(PROBLEM DESCRIPTION):
Without the images, print every line of the material below exactly as given.

(DATASET EXTRACT):
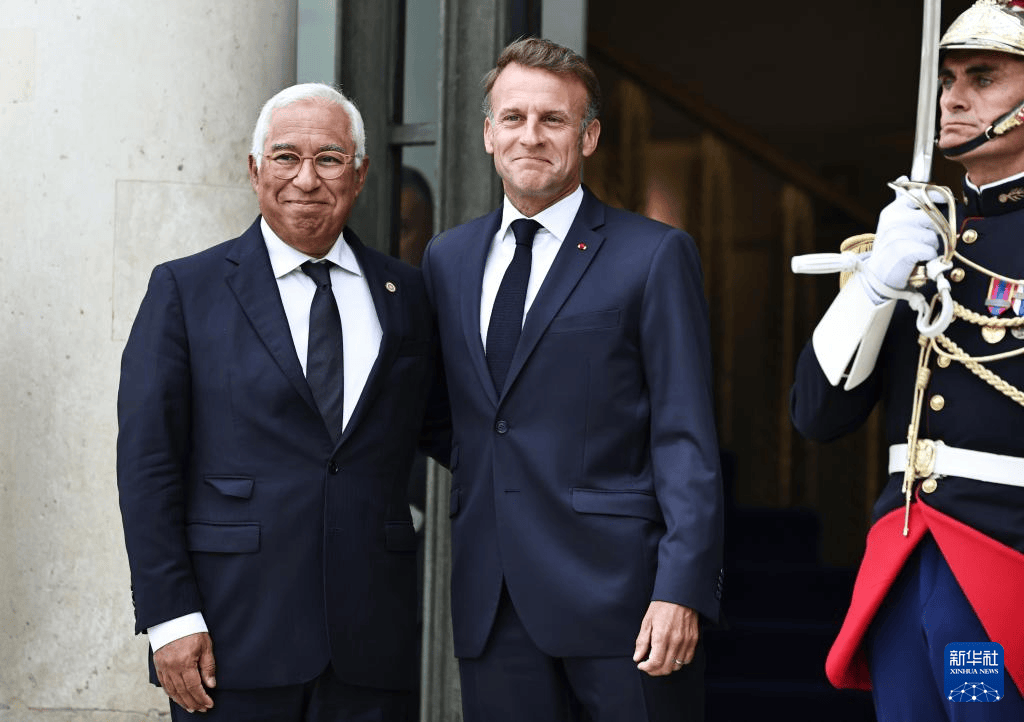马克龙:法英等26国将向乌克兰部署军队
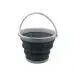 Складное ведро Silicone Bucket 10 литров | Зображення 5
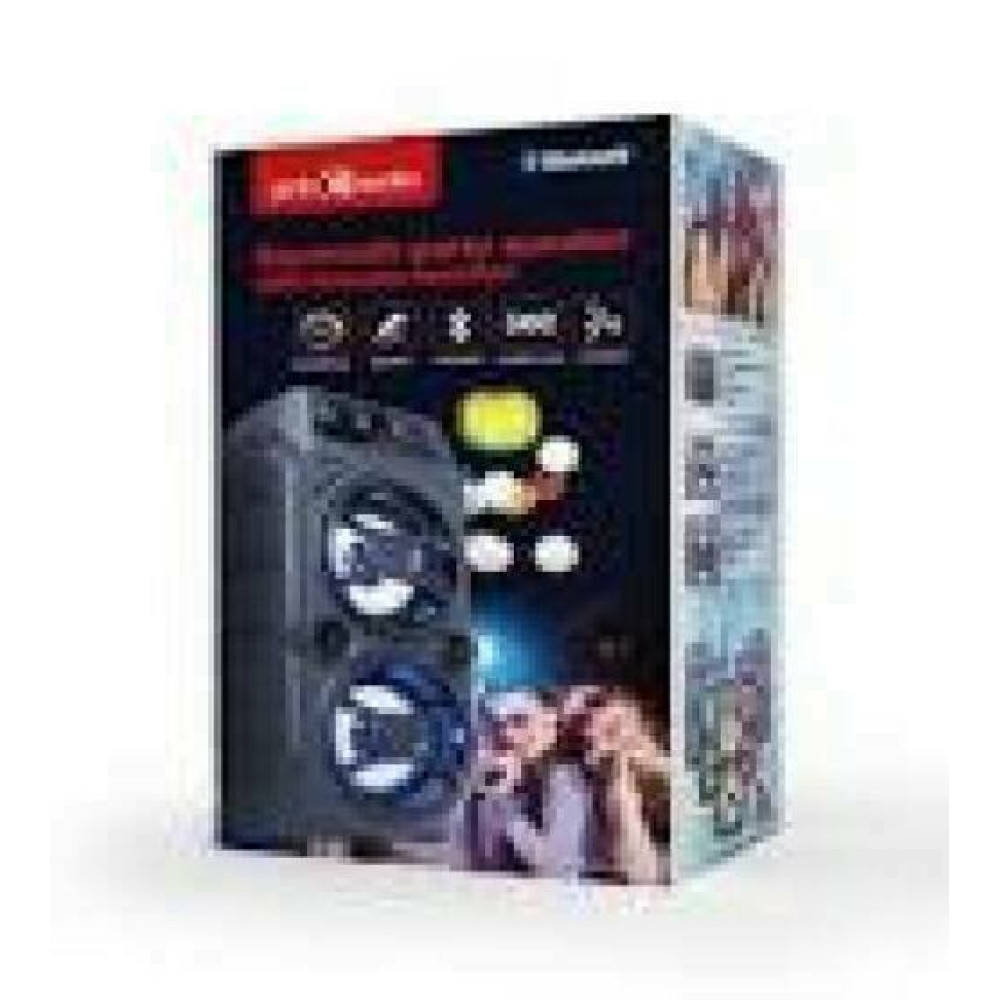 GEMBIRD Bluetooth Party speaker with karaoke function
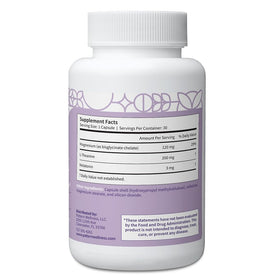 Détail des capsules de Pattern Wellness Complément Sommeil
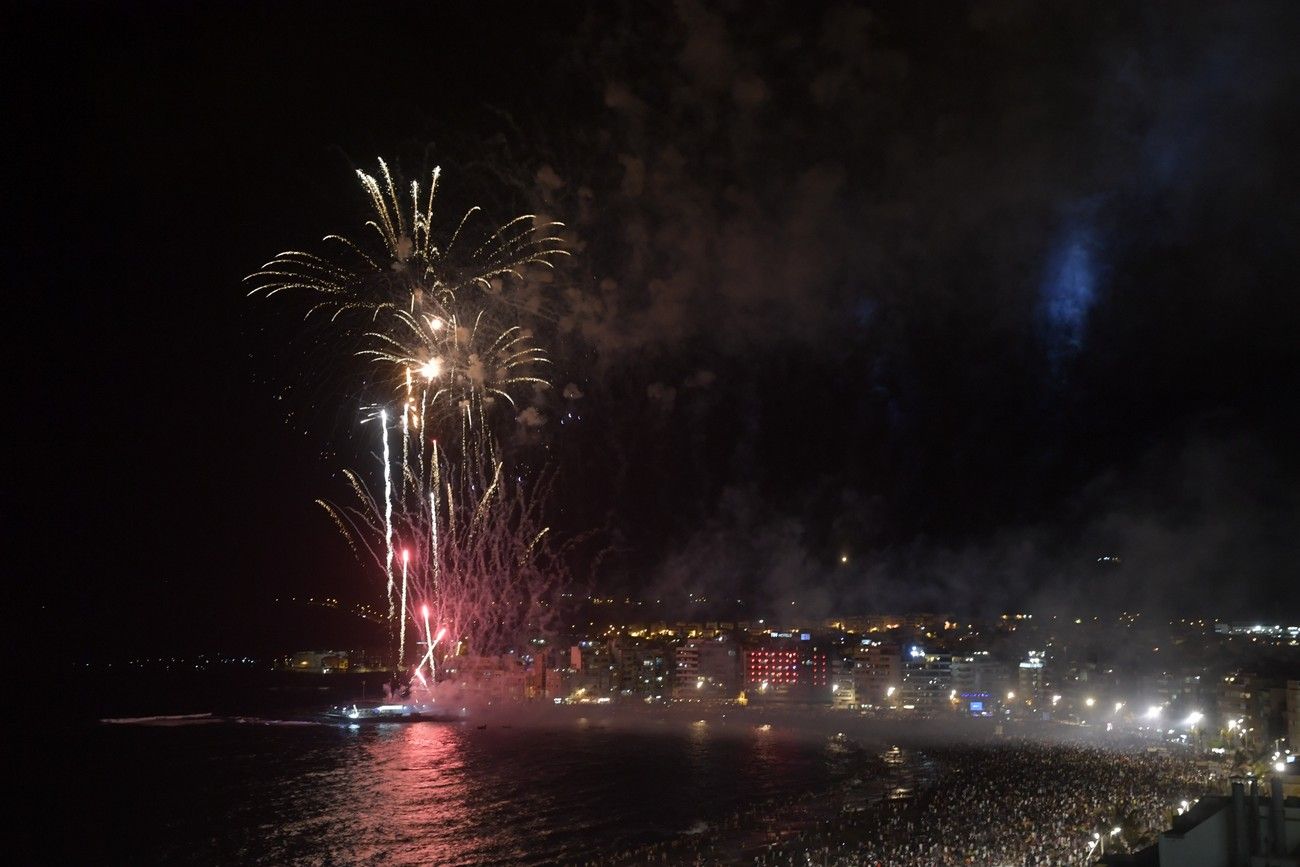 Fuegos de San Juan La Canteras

(TASK RESULT):
马克龙:法英等26国将向乌克兰部署军队
 Складное ведро Silicone Bucket 10 литров | Зображення 5
 GEMBIRD Bluetooth Party speaker with karaoke function
 Détail des capsules de Pattern Wellness Complément Sommeil
 Fuegos de San Juan La Canteras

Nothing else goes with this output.